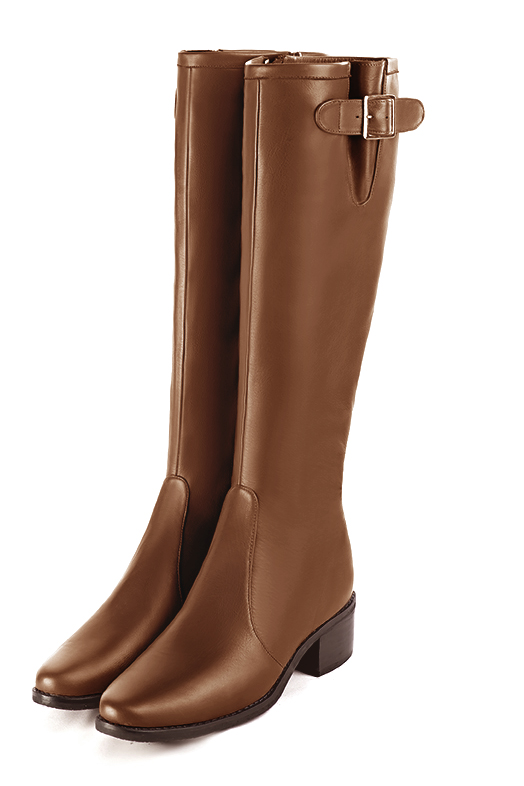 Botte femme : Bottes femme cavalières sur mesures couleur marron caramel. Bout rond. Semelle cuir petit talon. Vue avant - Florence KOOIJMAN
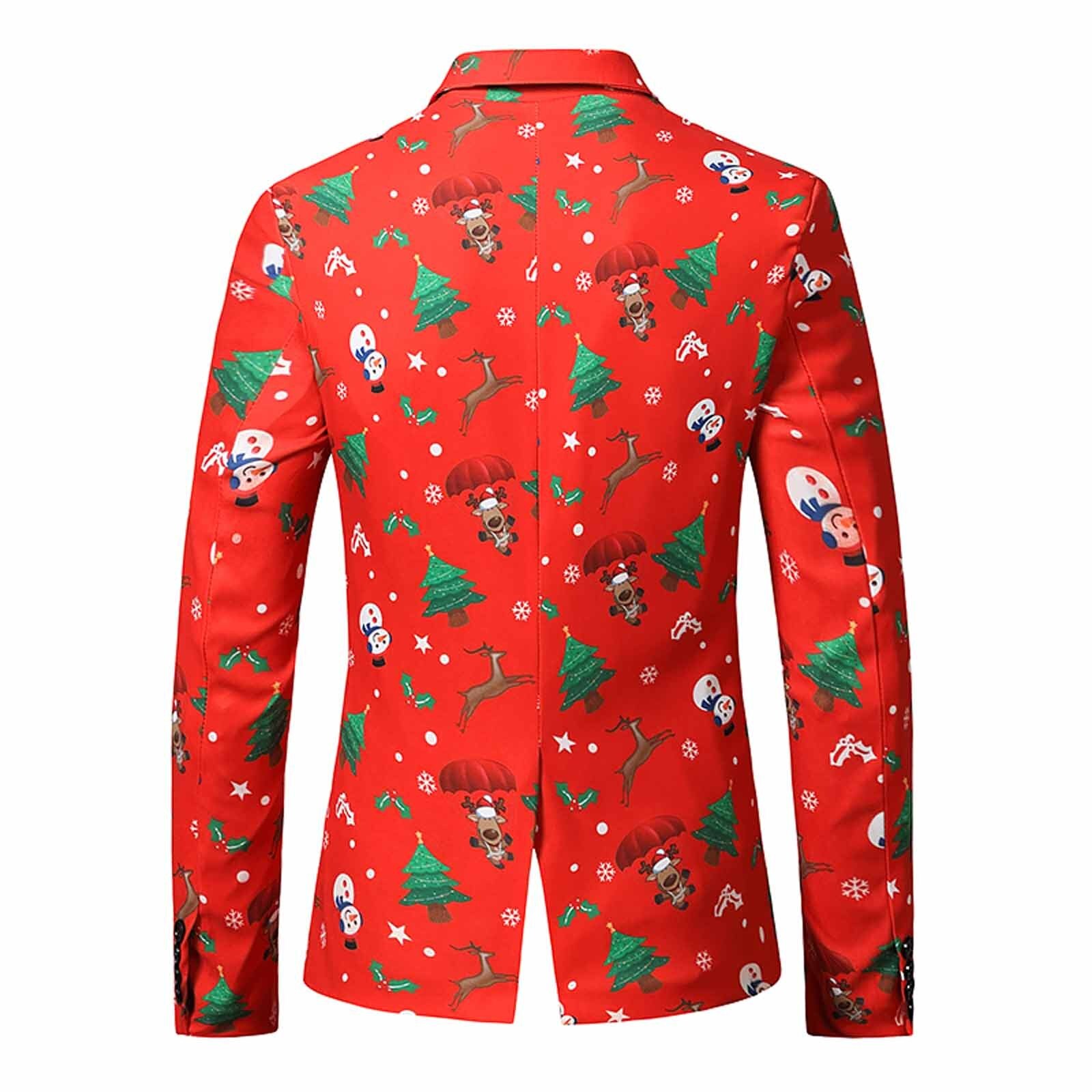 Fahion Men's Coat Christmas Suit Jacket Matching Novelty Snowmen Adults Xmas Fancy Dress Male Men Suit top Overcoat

---

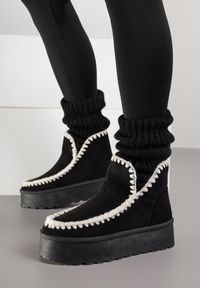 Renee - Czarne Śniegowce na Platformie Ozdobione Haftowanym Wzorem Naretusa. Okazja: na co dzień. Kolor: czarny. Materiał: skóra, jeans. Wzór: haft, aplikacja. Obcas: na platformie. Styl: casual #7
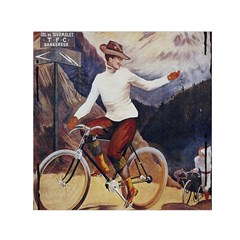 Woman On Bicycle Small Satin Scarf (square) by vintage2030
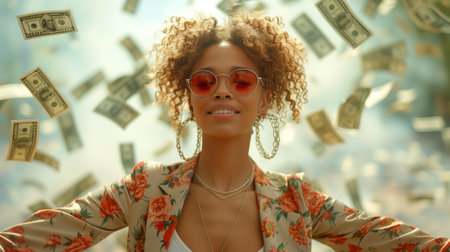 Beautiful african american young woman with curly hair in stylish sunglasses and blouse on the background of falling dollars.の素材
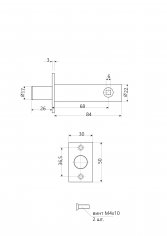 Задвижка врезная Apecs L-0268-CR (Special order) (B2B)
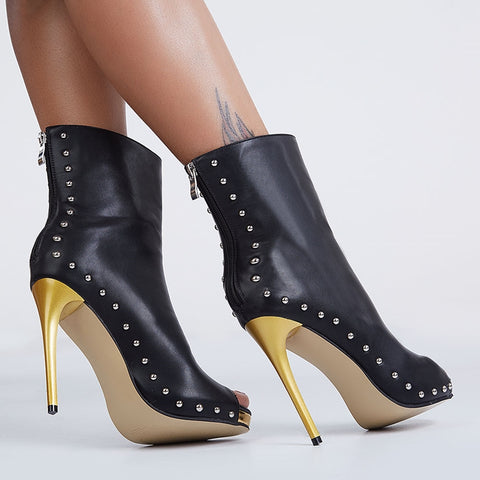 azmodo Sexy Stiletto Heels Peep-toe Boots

> _EXERCISE PROMPT_:
Above are records; write out the lines from the one with "Botte femme : Bottes" down to the one with "Fahion Men's Coat", exactly, leaving the pictures out.

> _SOLUTION TO THIS TASK_:
 Botte femme : Bottes femme cavalières sur mesures couleur marron caramel. Bout rond. Semelle cuir petit talon. Vue avant - Florence KOOIJMAN
 Fahion Men's Coat Christmas Suit Jacket Matching Novelty Snowmen Adults Xmas Fancy Dress Male Men Suit top Overcoat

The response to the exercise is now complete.